"Fitzpleasure" is a song by British alternative indie pop quartet alt-J from their debut studio album.

Music video
A music video to accompany "Fitzpleasure" was released on YouTube on November 5, 2012, with a total length of three minutes and forty-one seconds. French director Emile Sornin created the music video to be all black and white clips. The clips show a rundown, large city filled with gangsters, an old man with a tongue for an eye, prosthetic limbs, an old man with two faces (one in front and the other in the back of the head), contorting gang-like dancers, and mobsters.

Remakes and TV airings
After seeing the band perform live, Jim James, lead vocalist, guitarist, and songwriter for My Morning Jacket said, "...It kind of gave me this good, foreboding feeling. It was like seeing one of the great bands very young." This encouraged James to remix the song, and his 'Apple C' remix was included on the deluxe edition of An Awesome Wave.

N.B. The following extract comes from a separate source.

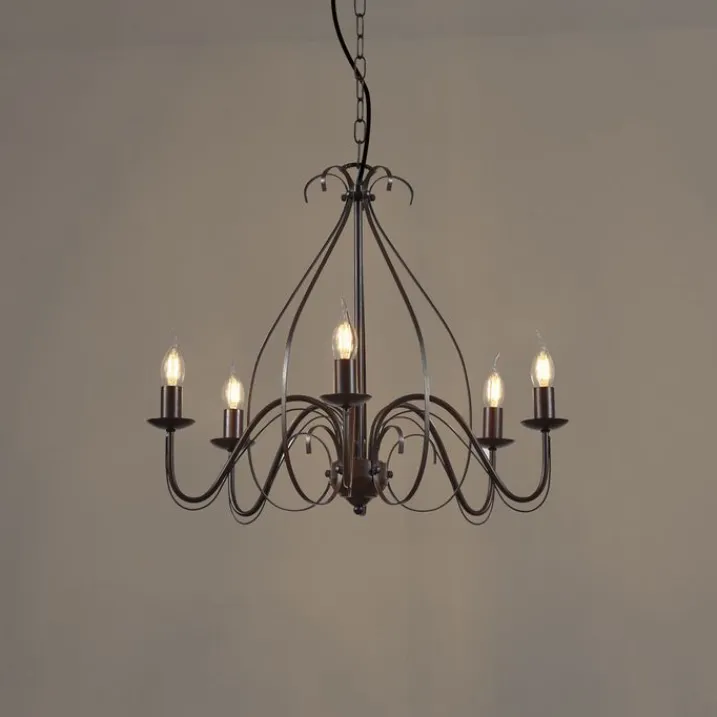 QAZQA Led-Kronleuchter|Kronleuchter*Klassischer Kronleuchter Rostbraun 5-flammig - Giuseppe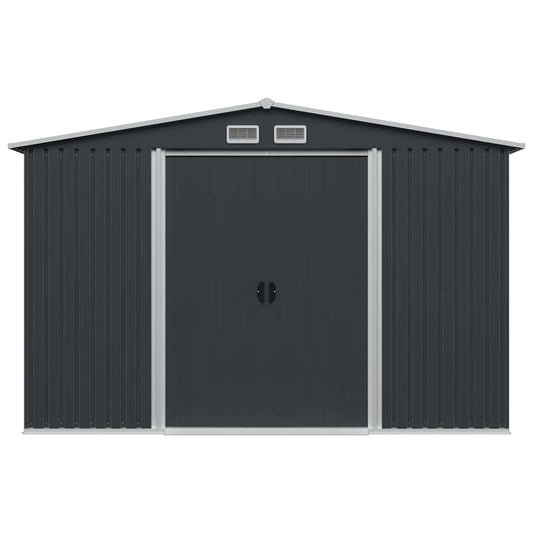 vidaXL Αποθήκη Κήπου Ανθρακί 257 x 205 x 178 εκ. Ατσάλινη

The song was used by American recording artist Miley Cyrus during her Bangerz Tour, in a bondage-themed video interlude titled Tongue Tied. This later inspired the band to sample a line from her song "4x4" on "Hunger of the Pine", the lead single from their second album This Is All Yours.

"Fitzpleasure" was aired as the theme song in episode six, season eight of the television series Weeds in 2012. In 2013, "Fitzpleasure" was aired in a Nokia Lumia 925 commercial in Europe and Lumia 928 commercial in the United States. The UK trailer for The Way, Way Back also featured "Fitzpleasure". It was also aired in episode one, season one of Broad City.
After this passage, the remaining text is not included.